• [TRY IT] Please make an exact copy of the lines from the one holding "You Ain't Seen" through the end of the data, both ends included, with no pictures.

• [SUPPLIED DATA]
=======
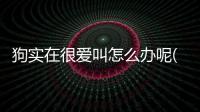 狗實在很愛叫怎么辦呢(狗實在很愛叫怎么辦呀)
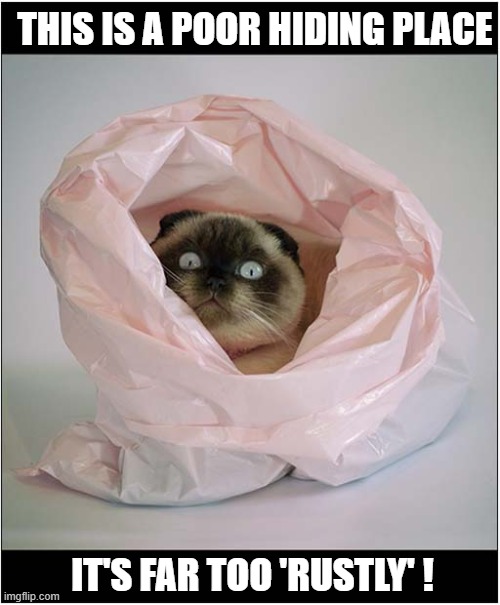 You Ain't Seen Me ... Right ! | THIS IS A POOR HIDING PLACE; IT'S FAR TOO 'RUSTLY' ! | image tagged in cats,hiding,plastic bag | made w/ Imgflip meme maker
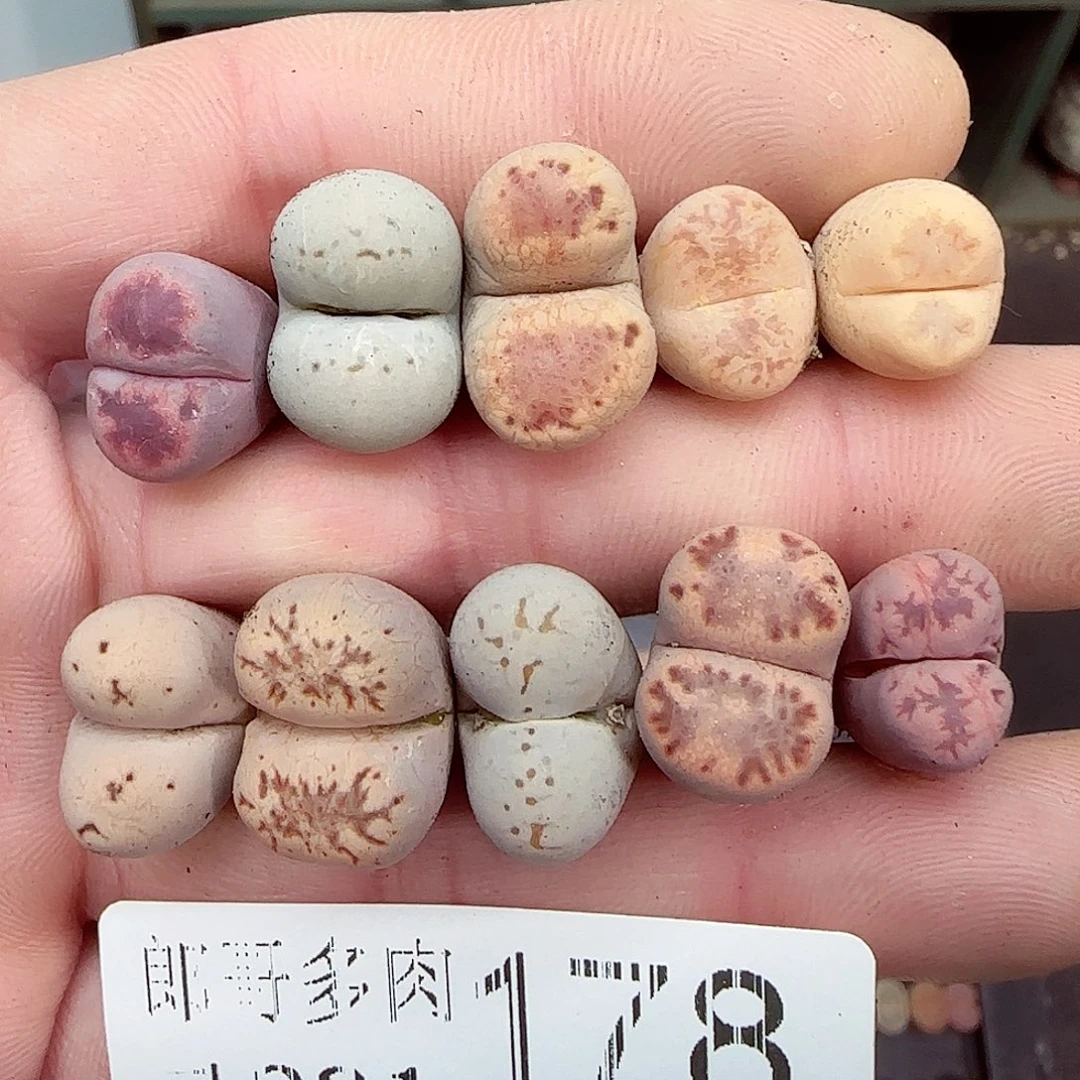 满满18包邮1231-178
=======
• [REPLY]
 You Ain't Seen Me ... Right ! | THIS IS A POOR HIDING PLACE; IT'S FAR TOO 'RUSTLY' ! | image tagged in cats,hiding,plastic bag | made w/ Imgflip meme maker
 满满18包邮1231-178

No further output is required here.